Al principio no iba a contestar, pero me parecía descortés. En su tono había una melancolía infinita, que percibí con la misma nitidez que ella encontró esa tristeza en mi mirada.
-Tal vez es que he dormido mal -le respondí.
Ella me dijo que no, que tenía algo en la mirada que indicaba que estaba siendo víctima de un "trabajo". Creo que fue en ese momento cuando mis ojos se abrieron como platos y pensé que estaba zumbada del todo, pero dejé que hablase. Algunas veces, las mejores historias aparecen cuando estás esperando para ir al baño, al menos podía escucharla, aunque no fuera graciosa la palabra "trabajo" en ese contexto.
La mujer de edad imprecisa me observó con atención y finalmente sentenció que no era mal de ojo, que era algo más fuerte.
Vale, ahí ya me empecé a asustar. Un mal de ojo suena mal, pero "algo más fuerte" te hace boquear como un pececillo cuando lo sacas del agua. Aunque no creas en nada, dudas.

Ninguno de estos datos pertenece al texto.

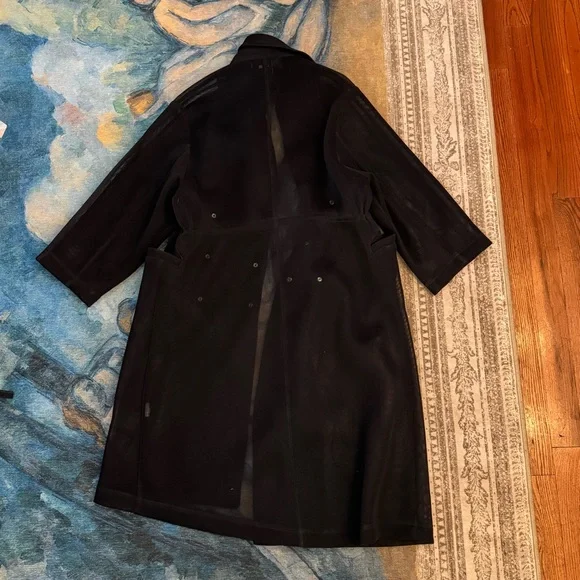 adidas x IVY PARK Black Mesh SPR Coat Sz XS - Picture 8 of 8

Me dijo que alguien, "probablemente de fuera", me había puesto encima un bloqueo que no me dejaba avanzar y que era eso lo que reflejaban mis ojos. Era por celos, eso lo tenía seguro, pero no sabía si personales o profesionales. En esos momentos mi cague había adquirido un nivel tan alto que pensé que, como la persona que estaba dentro del baño no saliera pronto, lo que me acabaría haciendo falta sería una ducha.
¿Yo víctima de qué? ¡Pero si solo salgo de casa para pasear al perro y para comprar el pan! Tengo muy pocas posibilidades de tener enemigos y mucho menos que me tengan celos por nada.

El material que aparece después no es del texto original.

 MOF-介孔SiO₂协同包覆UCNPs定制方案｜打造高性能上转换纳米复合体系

-Te lo voy a quitar yo, no te preocupes. Eso sí, tienes que pensar quién ha sido y tratar de alejarte de esa persona y de su entorno -me dijo.
Y se fue. Tan pancha, como si no me hubiera puesto el mundo del revés con unas cuantas palabras.

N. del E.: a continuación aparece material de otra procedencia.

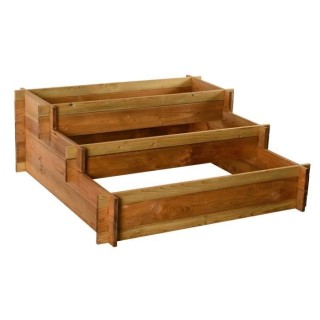 EKJU - Carré potager en Pin du Nord de l'Europe FSC - 120 x 120 x 40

Me quedé allí, anclada a una baldosa, pasmada y pensando en mis hipotéticos enemigos, esperando para usar el baño que cada vez necesitaba con más urgencia. La puerta seguía cerrada. En un momento dado entró una chica y me preguntó si estaba ocupado. Iba a decirle que sí, pero me dio por comprobarlo, pues hacía tanto rato que no salía nadie, que o la persona estaba muerta o allí no había ni Dios.
Era lo segundo. Nunca había habido nadie detrás de la puerta. Nunca había estado cerrada.
Cuando regresé a la mesa del restaurante, mis acompañantes me preguntaron por qué había tardado tanto.
-Ni os podéis imaginar lo que me ha pasado...
No se creyeron una sola palabra de lo que les conté y me dijeron que, por lista, por tomarles el pelo, me tocaba pagarles la comida.
Pero estoy segura de que eso sucedió, y mucho más segura de que, a partir de ese momento, fue como si en mi vida hubiera salido el sol tras unos largos meses de tormenta. ¿Casualidad? ¿Meigas? Pues no tengo ni idea, pero dicen que haberlas hailas y esa señora tenía un poco pinta de bruja.
Pero, eso sí, resultó ser de las buenas, de las que protegen del mal.